I hope the work of these nurse authors will also challenge you to consider what defines nursing leadership, what nursing leadership looks like and what we need to do to truly transform the system to one that is centred on the needs and care of clients and families in home care and across the continuum.

I encourage you to respond to these papers and commentaries, challenge the assumptions, the opinions and the solutions offered and provide the nursing and broader healthcare community with other examples and views on how nursing leadership can be more engaged in creating the future healthcare system for all Canadians. We look forward to hearing from you.

About the Author

Gail Donner, RN, PhD, Professor Emerita,, Lawrence S. Bloomberg Faculty of Nursing,, University of Toronto, Toronto, ON

Correspondence may be directed to: Gail Donner; e-mail: g.donner@utoronto.ca

References

Kitch, T. 2017. "A Leadership Perspective on a Shared Vision for Healthcare." Canadian Journal of Nursing Leadership 30(1): 30–32. doi:10.12927/cjnl.2017.25108.

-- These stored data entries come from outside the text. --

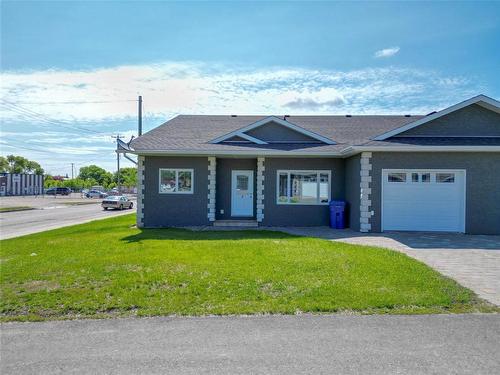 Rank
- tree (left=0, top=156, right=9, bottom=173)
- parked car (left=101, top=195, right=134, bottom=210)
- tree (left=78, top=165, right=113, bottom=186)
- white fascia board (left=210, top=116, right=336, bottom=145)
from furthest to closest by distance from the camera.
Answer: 1. tree (left=78, top=165, right=113, bottom=186)
2. tree (left=0, top=156, right=9, bottom=173)
3. parked car (left=101, top=195, right=134, bottom=210)
4. white fascia board (left=210, top=116, right=336, bottom=145)

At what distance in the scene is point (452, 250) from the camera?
9680mm

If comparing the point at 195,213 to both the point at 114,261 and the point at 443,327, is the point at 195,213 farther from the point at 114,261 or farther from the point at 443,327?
the point at 443,327

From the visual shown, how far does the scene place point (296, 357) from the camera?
3.83 metres

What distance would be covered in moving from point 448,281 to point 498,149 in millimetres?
8275

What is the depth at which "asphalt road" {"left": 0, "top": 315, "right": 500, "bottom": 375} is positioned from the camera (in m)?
3.63

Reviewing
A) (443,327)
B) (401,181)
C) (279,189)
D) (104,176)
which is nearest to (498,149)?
(401,181)

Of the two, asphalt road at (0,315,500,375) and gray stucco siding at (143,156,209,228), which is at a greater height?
gray stucco siding at (143,156,209,228)

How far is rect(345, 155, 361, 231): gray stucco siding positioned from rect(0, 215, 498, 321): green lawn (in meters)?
4.21

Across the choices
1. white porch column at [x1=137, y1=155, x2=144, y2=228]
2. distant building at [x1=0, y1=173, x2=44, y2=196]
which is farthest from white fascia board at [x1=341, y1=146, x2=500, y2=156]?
distant building at [x1=0, y1=173, x2=44, y2=196]

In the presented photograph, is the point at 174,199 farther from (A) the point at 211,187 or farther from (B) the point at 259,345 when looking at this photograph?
(B) the point at 259,345

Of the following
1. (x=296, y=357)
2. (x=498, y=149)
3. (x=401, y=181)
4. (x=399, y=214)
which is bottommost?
(x=296, y=357)

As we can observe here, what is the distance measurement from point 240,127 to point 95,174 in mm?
133016

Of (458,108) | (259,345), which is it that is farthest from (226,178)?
(259,345)

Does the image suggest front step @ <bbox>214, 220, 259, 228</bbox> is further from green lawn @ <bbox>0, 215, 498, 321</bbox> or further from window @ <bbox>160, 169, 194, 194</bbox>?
green lawn @ <bbox>0, 215, 498, 321</bbox> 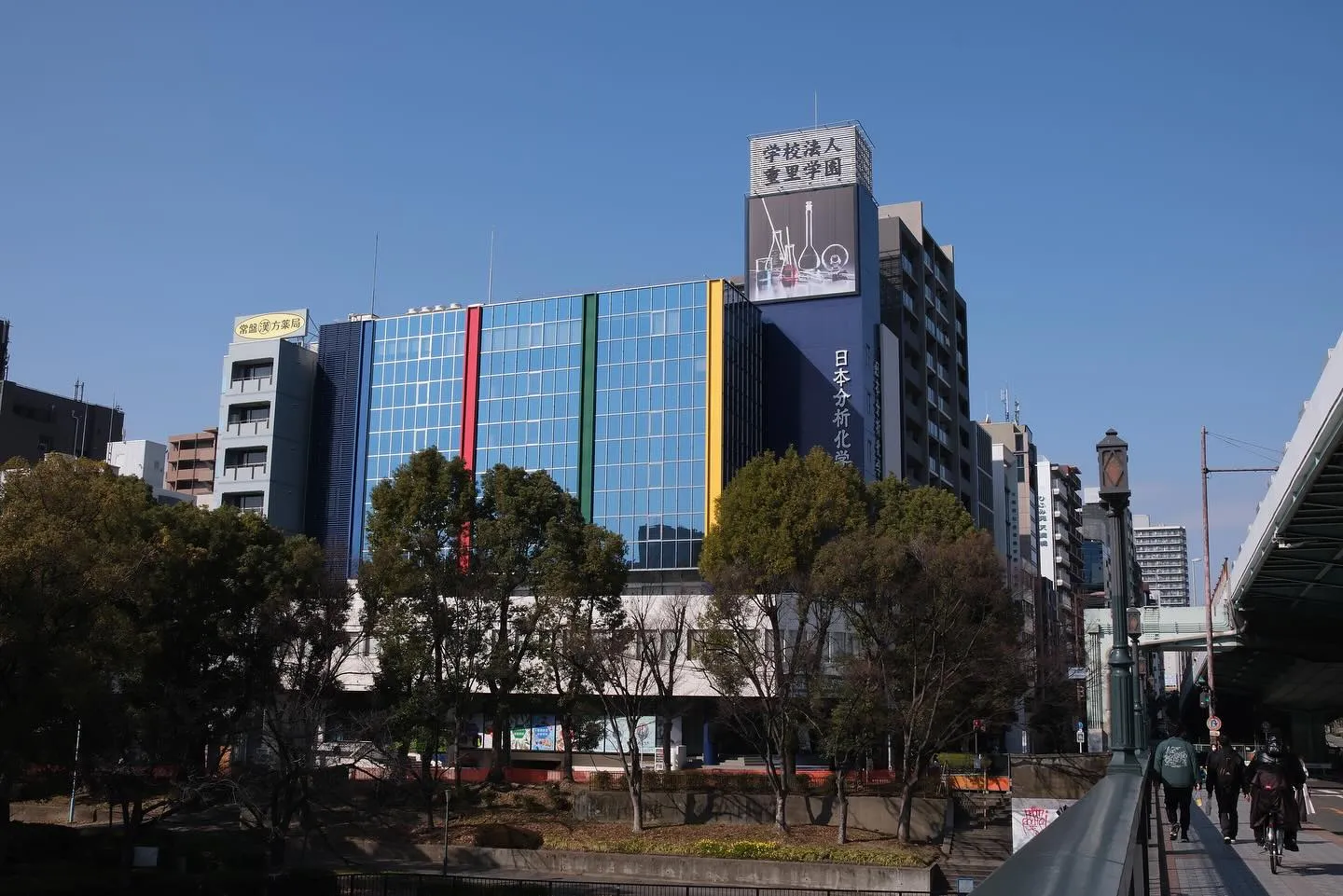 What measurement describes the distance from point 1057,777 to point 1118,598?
3791cm

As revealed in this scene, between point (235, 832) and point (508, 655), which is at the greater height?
point (508, 655)

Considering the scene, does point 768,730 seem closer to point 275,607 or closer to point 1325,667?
point 275,607

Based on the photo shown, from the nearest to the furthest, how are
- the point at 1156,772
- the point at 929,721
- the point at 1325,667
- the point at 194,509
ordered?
the point at 1156,772 → the point at 929,721 → the point at 194,509 → the point at 1325,667

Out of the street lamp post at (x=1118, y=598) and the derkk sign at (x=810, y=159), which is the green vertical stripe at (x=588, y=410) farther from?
the street lamp post at (x=1118, y=598)

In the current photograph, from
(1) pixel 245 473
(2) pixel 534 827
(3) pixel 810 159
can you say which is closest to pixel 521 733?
(2) pixel 534 827

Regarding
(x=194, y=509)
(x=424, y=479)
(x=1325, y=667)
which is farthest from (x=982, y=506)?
(x=194, y=509)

Sharkey, S. and N. Lefebre. 2017a. "Bringing Nursing Back to the Future Through People-Powered Care." Canadian Journal of Nursing Leadership 30(1): 11–22. doi:10.12927/cjnl.2017.25110.

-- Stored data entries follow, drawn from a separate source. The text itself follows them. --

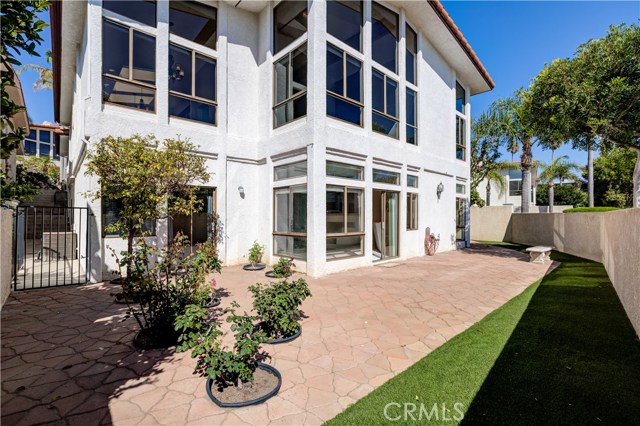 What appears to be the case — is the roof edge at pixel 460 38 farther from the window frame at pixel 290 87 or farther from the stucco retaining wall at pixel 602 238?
the stucco retaining wall at pixel 602 238

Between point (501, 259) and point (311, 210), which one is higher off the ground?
point (311, 210)

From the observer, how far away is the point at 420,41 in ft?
43.0

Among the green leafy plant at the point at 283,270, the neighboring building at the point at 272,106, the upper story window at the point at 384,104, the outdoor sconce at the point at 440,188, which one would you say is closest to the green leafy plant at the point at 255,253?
the neighboring building at the point at 272,106

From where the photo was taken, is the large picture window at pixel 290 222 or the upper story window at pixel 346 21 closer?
the large picture window at pixel 290 222

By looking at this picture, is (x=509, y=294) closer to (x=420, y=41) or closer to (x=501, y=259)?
(x=501, y=259)

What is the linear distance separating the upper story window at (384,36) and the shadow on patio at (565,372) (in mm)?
9956

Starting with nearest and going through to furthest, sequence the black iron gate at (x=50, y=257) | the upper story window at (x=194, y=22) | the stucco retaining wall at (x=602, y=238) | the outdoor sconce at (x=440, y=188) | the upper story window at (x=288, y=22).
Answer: the stucco retaining wall at (x=602, y=238) → the black iron gate at (x=50, y=257) → the upper story window at (x=194, y=22) → the upper story window at (x=288, y=22) → the outdoor sconce at (x=440, y=188)

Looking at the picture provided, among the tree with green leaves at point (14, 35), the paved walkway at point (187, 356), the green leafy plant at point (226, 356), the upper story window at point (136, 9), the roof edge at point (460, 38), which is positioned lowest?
the paved walkway at point (187, 356)

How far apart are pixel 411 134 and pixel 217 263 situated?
34.0 feet

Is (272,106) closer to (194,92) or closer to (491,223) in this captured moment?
(194,92)

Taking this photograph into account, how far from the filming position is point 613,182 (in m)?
31.5

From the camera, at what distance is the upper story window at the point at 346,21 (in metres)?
9.49

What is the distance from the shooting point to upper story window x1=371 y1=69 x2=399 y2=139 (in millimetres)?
10926

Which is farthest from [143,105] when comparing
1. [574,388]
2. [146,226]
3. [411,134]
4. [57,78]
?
[574,388]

Sharkey, S. and N. Lefebre. 2017b. "Moving Forward: The Journey to People-Powered Care." Canadian Journal of Nursing Leadership 30(1): 43–46. doi:10.12927/cjnl.2017.25106.

Thorne, S. and K. Stajduhar. 2017. "Rebuilding the Roots of Patient-Centred Care." Canadian Journal of Nursing Leadership 30(1): 23–29. doi:10.12927/cjnl.2017.25109.

Udod, S. and M. Lobchuk. 2017. "The Role of Nurse Leaders in Advancing Carer Communication Needs across Transitions of Care: A Call to Action." Canadian Journal of Nursing Leadership 30(1): 47–55. doi:10.12927/cjnl.2017.25105.

Wheatley, L., W. Doyle, C. Evans, C. Gosse and K. Smith. 2017. "Integrated Comprehensive Care – A Case Study in Nursing Leadership and System Transformation." Canadian Journal of Nursing Leadership 30(1): 33–42. doi:10.12927/cjnl.2017.25107.